Anytime there is someone else in the vehicle there is a chance that they may distract the driver, this is especially true for children. A parent with children in the backseat may be breaking up a fight, handing the child a pacifier or stuffed animal, attempting to calm a temper tantrum. Any of these things could cause one to swerve, change speeds rapidly or run a red light. But, children are not the only distracting passengers; this is true for anyone, other than the driver, in the vehicle.
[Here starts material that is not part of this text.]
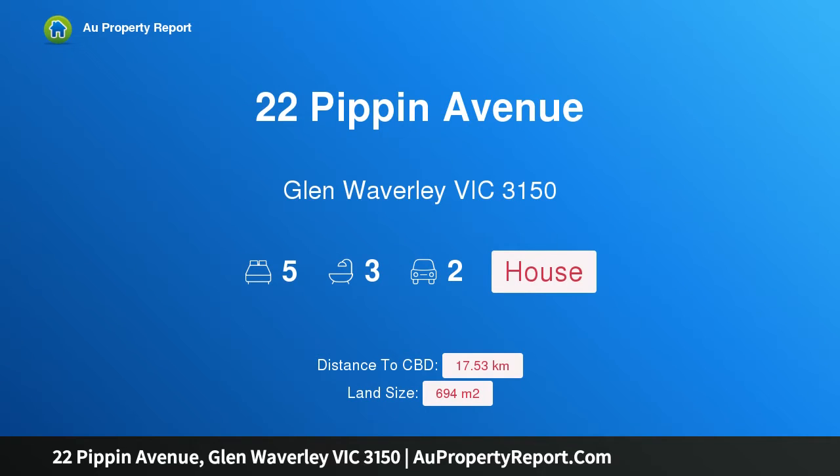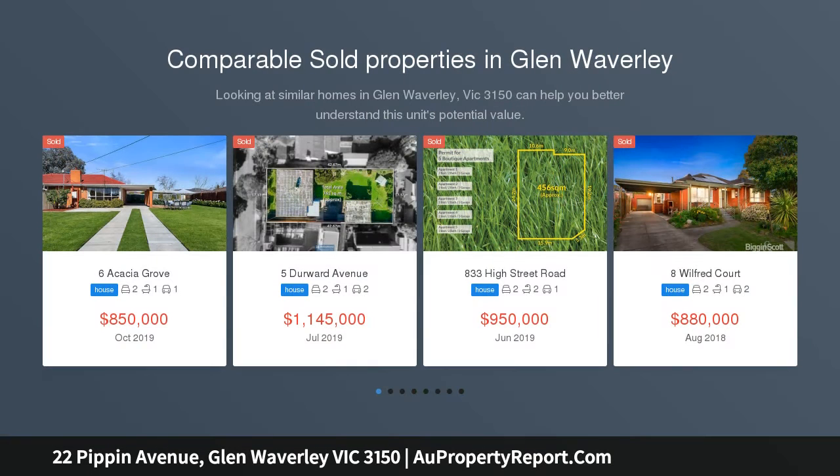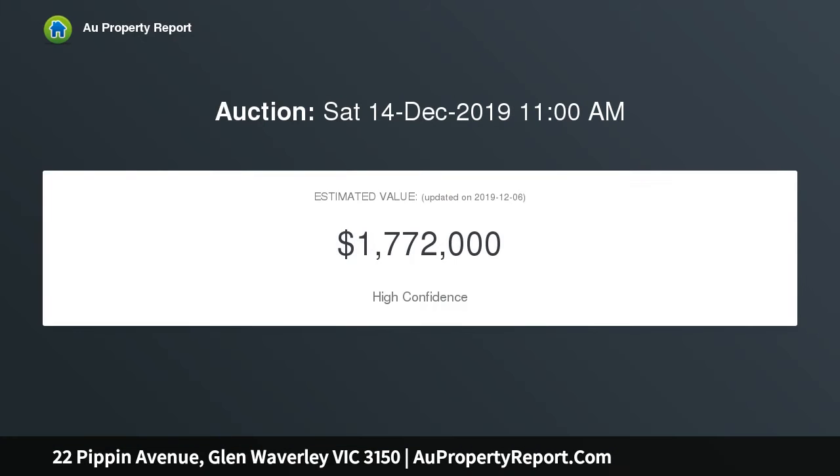Hi, I am glad to introduce Property 22 Pippin Avenue, Glen Waverley, Victoria 3150. Solid foundations in the Glendale and MWSCZ — dramatic double brick architecture framed by towering ceilings and picture windows presents a home of distinction in the zone for Glendale Primary and Mount Waverley Secondary College. Naturally insulated by its solid construction.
The driver may be distracted by a conversation with a passenger(s) or the passenger(s) could be yelling which could have scared the driver. Both of which would explain a hesitation at a green light, change in speeds or swerving. A driver need not have a passenger in the car to be distracted; a driver on the phone can be just as distracted as if someone else were in the car with them.

Once an officer has taken notice of these driving observations and has stopped the accused the officer may notice certain behavior observations which may solidify their original thoughts that the driver is guilty of DUI/DWI. These observations include: pupil enlargement, slurred speech, bloodshot eyes, stumbling or inappropriate joking. Again, one’s attorney will want to provide the court with other reasons a persons may manifest these observations. Some reasons for these observations could be stress, allergies, contact lenses, medications or food.

Someone under extreme an amount of stress is likely to be losing sleep; which is known to cause bloodshot eyes and could even cause slurred speech when there has been enough lack of sleep. Also, certain medications, contact lenses and allergies are also well known for causing bloodshot eyes as well as pupil enlargement. One observed making inappropriate jokes or even stumbling may introduce defend against this evidence simply by being scared. Many people become terrified when stopped by the police and everyone deals with fear in a different manner, this situation is certainly no different.

The next step after being stopped by an officer will be a field sobriety test. During a field sobriety test one will be asked to perform certain tasks, such as; standing on one leg, saying the alphabet forwards and backwards, walking a straight line one foot in front of the other. One’s lawyer will want to point out that many of these tasks can be difficult under the best of circumstances, let alone under the stress of being stopped by an officer and asked to perform these tasks on the side of the road. Further, one with physical impairments may be unable to perform such tasks at all. One’s attorney should be sure and ask the officer making the stop if he or she questioned the accused about any physical impairments. Other defenses to a field sobriety test are similar to the defenses to the officer’s observations.

The final piece of evidence that will definitely be used at trial is a chemical sample, which is likely to be a breath test if given at the scene. The best defense to a breath test is a faulty breathalyzer or a breathalyzer not properly maintained. At trial one’s attorney should ask about the maintenance and calibration procedures of such machines.